Any statements that are not historical facts and that express, or involve discussions as to, expectations, beliefs, plans, objectives, assumptions or future events or performance (often, but not always, indicated through the use of words or phrases such as “will likely result,” “are expected to,” “will continue,” “is anticipated,” “estimated,” “intends,” “plans,” “believes” and “projects”) may be forward-looking and may involve estimates and uncertainties which could cause actual results to differ materially from those expressed in the forward-looking statements.
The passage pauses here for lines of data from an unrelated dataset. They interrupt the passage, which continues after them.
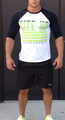 Size Up Supplements White Baseball Tee
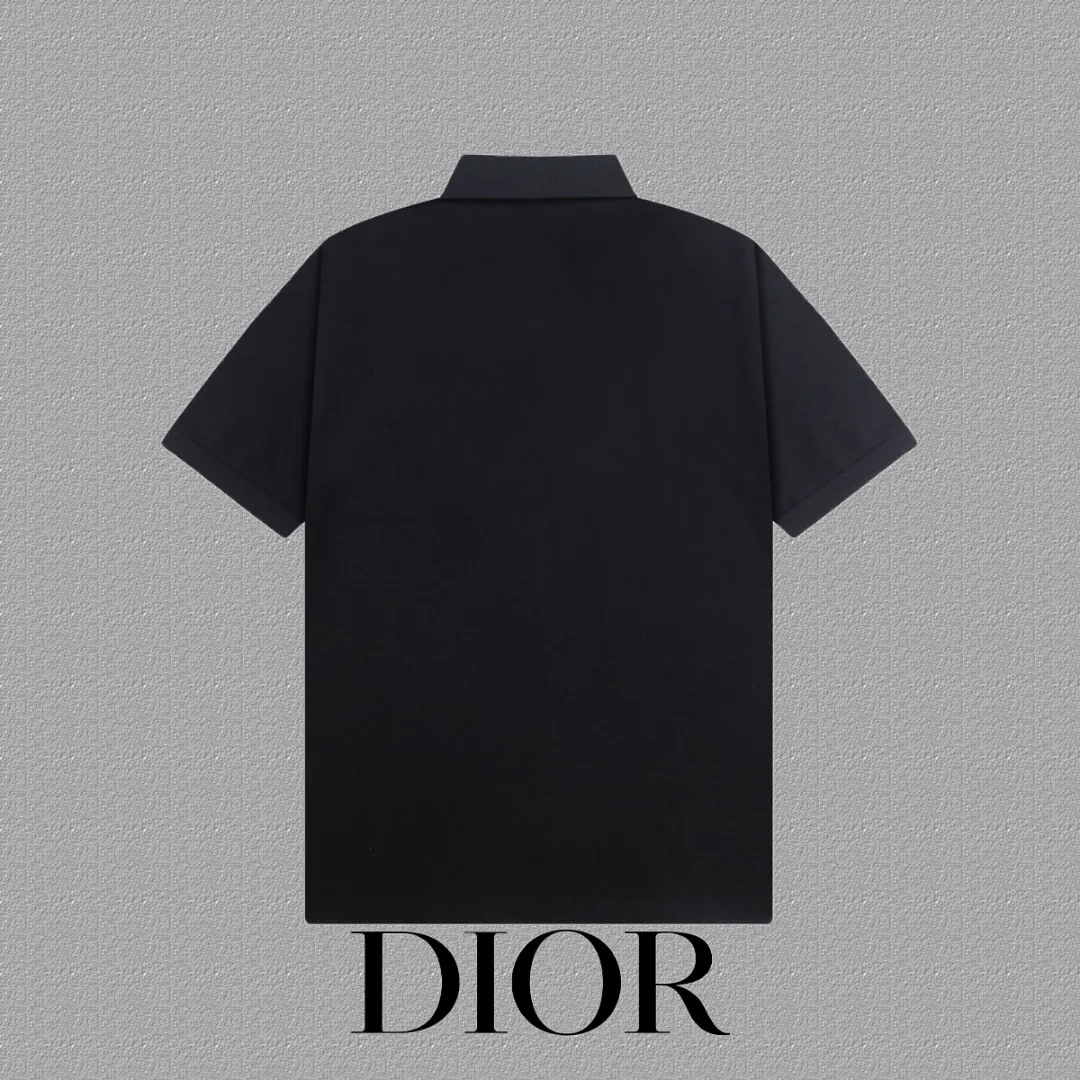🅿️220 [Dior] 2025FW short-sleeved lapel polo shirt Color: Black White Size: S-XXL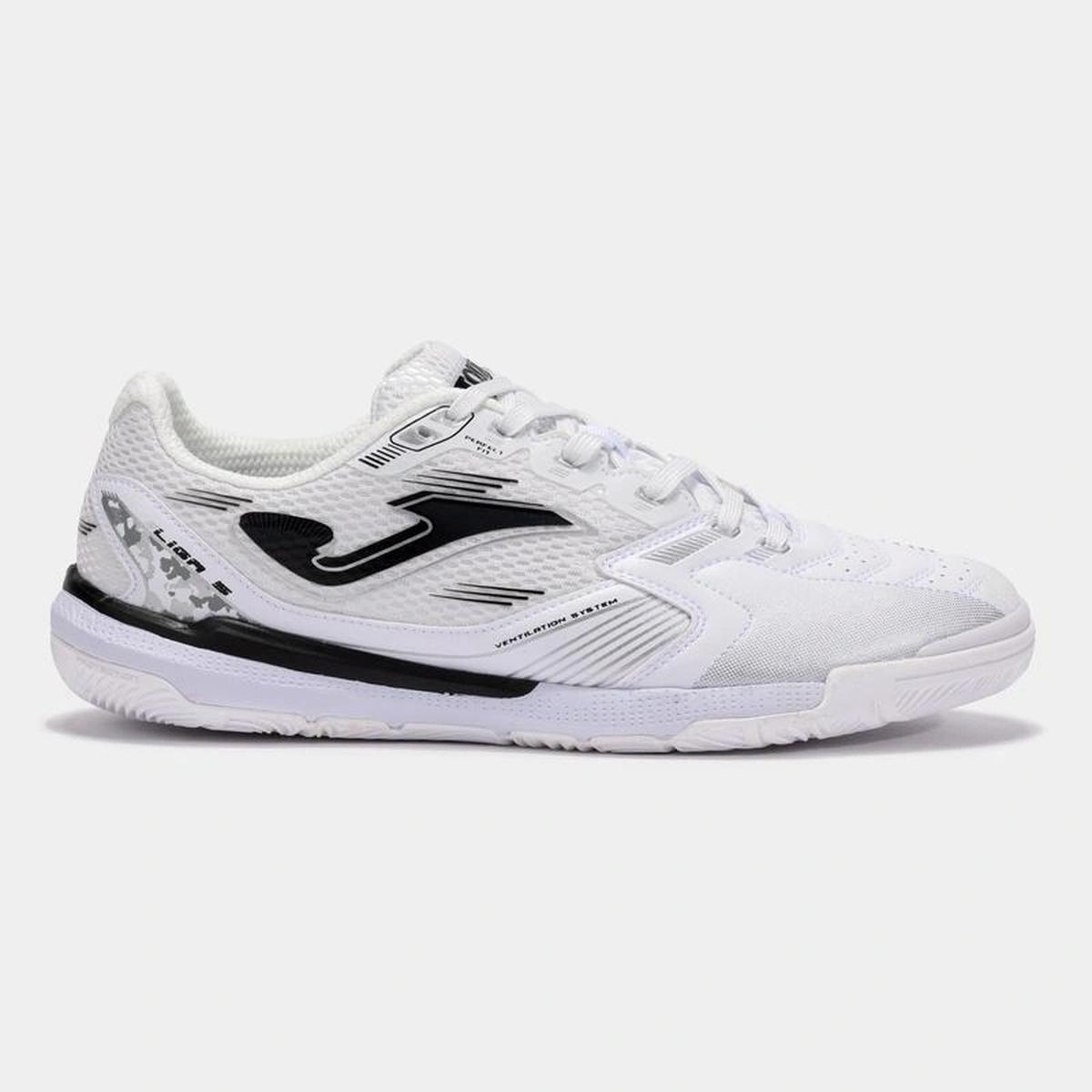 Zapatillas Futsal Hombre Joma Liga 5 Blanca-4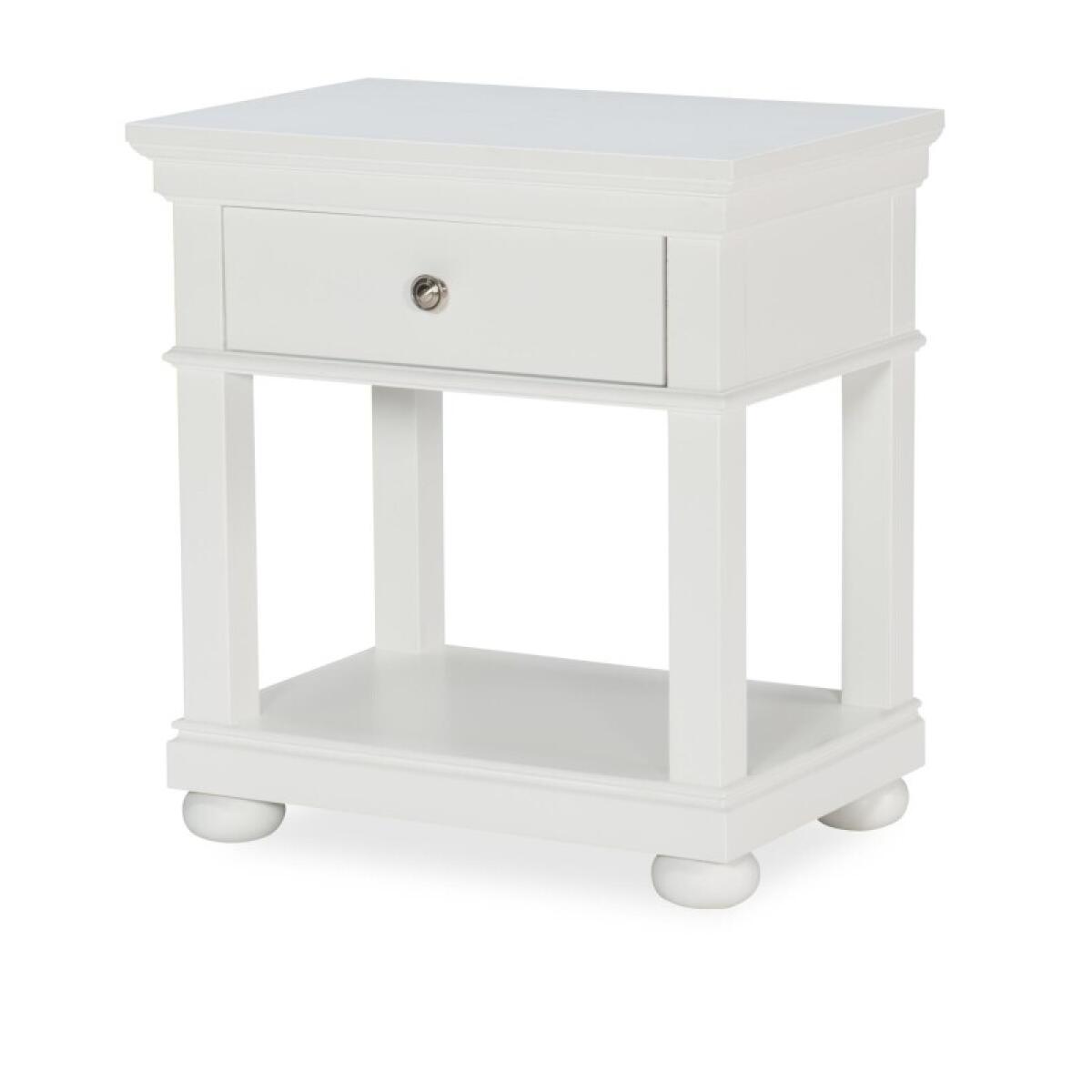 Open Night Stand White Finish Youth Nightstands Legacy Classic Furniture 2 Open Night Stand White Finish Youth Nightstands Legacy Classic Furniture 2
The Company cautions that the factors described herein could cause actual results to differ materially from those expressed in any forward-looking statements the Company makes and that investors should not place undue reliance on any such forward-looking statements. Further, any forward-looking statement speaks only as of the date on which such statement is made, and the Company undertakes no obligation to update any forward-looking statement to reflect events or circumstances after the date on which such statement is made or to reflect the occurrence of anticipated or unanticipated events or circumstances. New factors emerge from time to time, and it is not possible for the Company to predict all of such factors. Further, the Company cannot assess the impact of each such factor on its results of operations or the extent to which any factor, or combination of factors, may cause actual results to differ materially from those contained in any forward-looking statements. This press release is qualified in its entirety by the cautionary statements and risk factor disclosure contained in the Company’s Securities and Exchange Commission filings.